Use a stored model id for normal traffic. Resolving the free model calls GET /models (one request). Each chat turn is POST /chat/completions (another). If you call first_ranked_free_text_model (or list and pick) on every user message, you pay two API calls per turn—list plus chat. Instead, resolve once (at deploy, in a Rake task, or on a long TTL), remember the returned id (environment variable, database, cache, or default_model in savvy_openrouter.yml), and pass that string to client.chat.completions(model: ...) for ongoing requests. Refresh the stored id when you want to pick up a new “top free” model after OpenRouter changes their list.

That heuristic stays aligned with OpenRouter’s listing as long as their ranking and pricing rows stay as they are; it is not a separate benchmark score from the JSON (there is no rating field on each model).
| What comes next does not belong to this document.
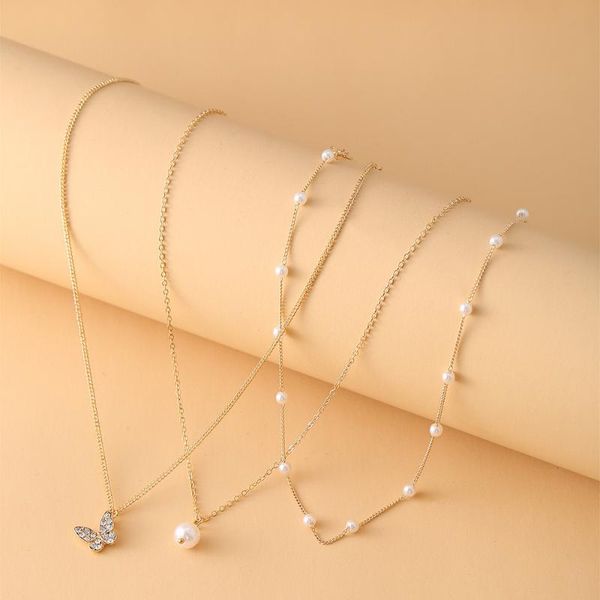 

chokers trendy shiny crystal butterfly pendent necklaces female elegant gold color chain simulated pearl choker party jewelry, Golden;silver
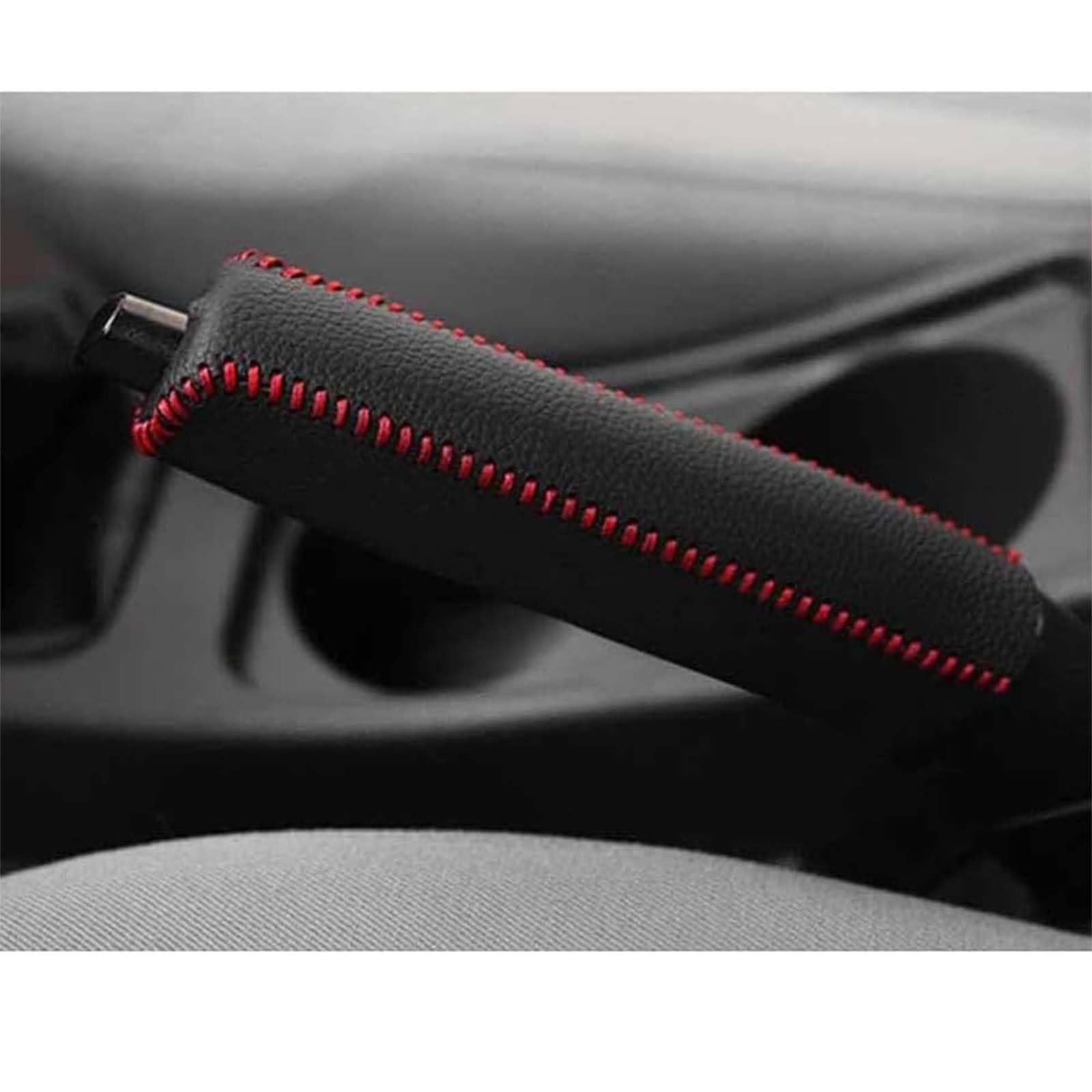 CBSRGGVYH Leather Handbrake Cover for Benz EQ EQE V295 EQE 350 +/EQE 43/EQE 53, Stitched Parking Brake Sleeve, Anti-Slip Grip Protector, Interior Decoration Accessory,B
For chat-specific knobs such as tools, tool_choice, and response_format (including JSON schema), pass them on client.chat.completions; global YAML defaults also merge into embeddings and other resources, so prefer per-call args for tool and schema defaults unless you only use chat endpoints.

Usage

require "savvy_openrouter"

client = SavvyOpenrouter::Client.new(api_key: ENV.fetch("OPENROUTER_API_KEY"))

# Chat completion (defaults from YAML/env merged into body)
response = client.chat.completions(
  messages: [{ role: "user", content: "Hello!" }]
)
puts response[:choices].first[:message][:content]

# Streaming (SSE); each yielded string is a JSON `data:` payload from OpenRouter
client.chat.completions_stream(messages: [{ role: "user", content: "Hi" }]) do |data_json|
  chunk = JSON.parse(data_json)
  print chunk.dig("choices", 0, "delta", "content")
end

# Embeddings
client.embeddings.create(model: "openai/text-embedding-3-small", input: "Hello world")

# Video: create (HTTP 202), poll, download binary
job = client.videos.create(model: "google/veo-3.1", prompt: "A calm ocean at dawn")
status = client.videos.poll_until(job[:id])
video_bytes = client.videos.download(job[:id]) if status[:status].to_s == "completed"

# Binary speech (TTS)
audio_bytes = client.audio.speech(model: "elevenlabs/...", input: "Hello")

# Responses API (beta)
client.responses.create(model: "openai/gpt-4o", input: "Hello")

# Discover top free model for a category (GET /models) — run rarely; persist the id, do not call per user message
top_free = client.models.first_ranked_free_text_model(category: "programming")
# e.g. save top_free[:id] to ENV or default_model, then:
client.chat.completions(model: top_free[:id], messages: [{ role: "user", content: "Hello!" }])

# Management APIs (typically require a management key)
client.api_keys.list
client.guardrails.list
client.workspaces.list

See the OpenRouter API reference for request/response shapes.

Errors

API failures raise subclasses of SavvyOpenrouter::ApiError (for example AuthenticationError, PaymentRequiredError, RateLimitError, BadGatewayError). Every error exposes #status_code and #response_body when available.

Development

bin/setup
bundle exec rake   # RSpec + RuboCop

Integration tests live in spec/integration/ and are tagged :integration. When OPENROUTER_API_KEY is set, they call the live API (WebMock allows net connect only for those examples). Smoke chat examples use the free model inclusionai/ring-2.6-1t:free; spec/integration/free_model_rank_spec.rb asserts curated “first free” model ids for programming and roleplay against the live models list (these examples can fail if OpenRouter changes ordering or pricing).

Contributing

Bug reports and pull requests are welcome on GitHub.

License

The gem is available as open source under the terms of the MIT License.

Code of Conduct

Everyone interacting in this project's repositories is expected to follow the code of conduct.